AVAILABLE DATA:
┄┄┄┄┄┄

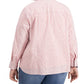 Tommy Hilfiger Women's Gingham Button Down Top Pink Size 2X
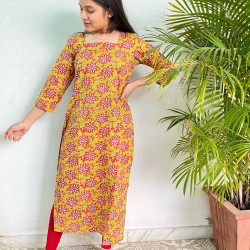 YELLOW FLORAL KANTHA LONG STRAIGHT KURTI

┄┄┄┄┄┄

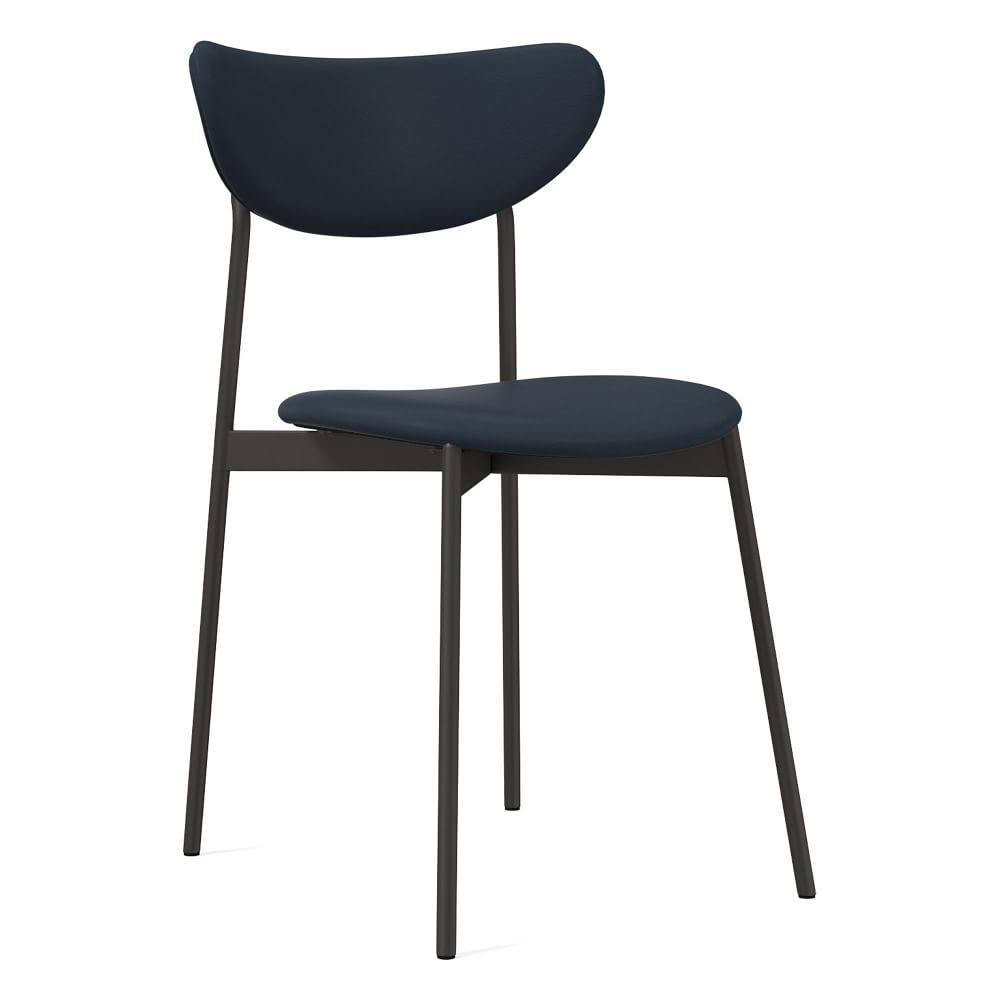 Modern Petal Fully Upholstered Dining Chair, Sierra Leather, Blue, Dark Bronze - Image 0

┄┄┄┄┄┄

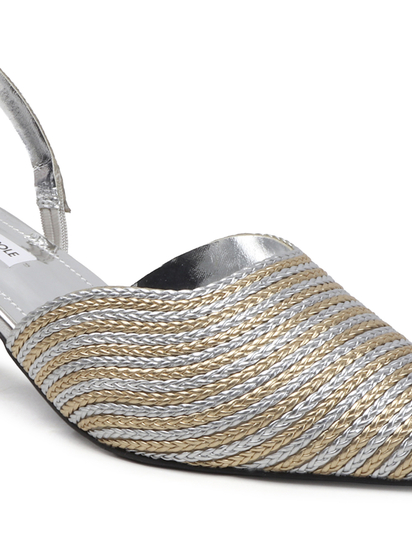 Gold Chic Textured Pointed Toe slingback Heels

┄┄┄┄┄┄

Quote the lines above exactly, starting with the one that has "Tommy Hilfiger Women's" and ending with the one that has "YELLOW FLORAL KANTHA LONG STRAIGHT KURTI"; drop the pictures and include nothing else.

 Tommy Hilfiger Women's Gingham Button Down Top Pink Size 2X
 YELLOW FLORAL KANTHA LONG STRAIGHT KURTI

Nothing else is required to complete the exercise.